En bordure de Paris, entre Saint-Ouen et Saint-Denis, pousse en ce moment un quartier atypique. 100% des logements y seront accessibles aux personnes en situation de handicap, bien au-delà des 20% prévus par la loi. Le village olympique et paralympique, qui deviendra une zone d'habitation après les Jeux de Paris 2024, se veut un modèle d'adaptation aux besoins des milliers d'athlètes qui participeront aux Jeux paralympiques dans un an, du 28 août au 8 septembre.
"On a le sentiment de réfléchir à la ville de 2030", se réjouit la Solideo, l'organisme public chargé des travaux, dans Le Parisien.

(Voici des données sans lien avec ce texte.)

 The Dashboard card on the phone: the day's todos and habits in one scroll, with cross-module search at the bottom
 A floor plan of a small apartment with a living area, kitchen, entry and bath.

Mais qu'en sera-t-il pour les spectateurs ? Les organisateurs attendent 350 000 personnes en situation de handicap sur la durée des deux compétitions. Et leurs conditions d'hébergement, de déplacement et d'accueil en tribunes suscitent davantage d'inquiétudes. En janvier, la présidente d'APF France Handicap s'inquiétait d'un "scénario catastrophe" dans Le Journal du dimanche.
Des bénévoles formés pour l'occasion ?
Les associations n'expriment pas d'inquiétude particulière sur les infrastructures sportives, où de nombreux travaux d'adaptabilité sont prévus. "On se pose beaucoup de questions sur la formation des bénévoles", explique en revanche Annette Masson, présidente de l'association Tourisme et handicaps. Aider les personnes en situation de handicap à circuler sur les lieux des épreuves suppose des connaissances spécifiques.
"Par exemple, un fauteuil roulant ne se manipule pas en marche avant, pour ne pas risquer de faire tomber la personne."
Annette Masson, présidente de l'association Tourisme et handicapsà franceinfo
"Pour guider une personne aveugle et qu'elle se sente en sécurité, poursuit-elle, on ne lui prend pas le bras, c'est elle qui prend celui de son guide." Annette Masson alerte également sur le besoin de connaître le vocabulaire du handicap en anglais, les visiteurs venant du monde entier. Des formations ont déjà eu lieu pour les bénévoles qui assisteront les athlètes paralympiques. Mais l'essentiel du travail reste à faire, car la sélection des volontaires n'est pas achevée.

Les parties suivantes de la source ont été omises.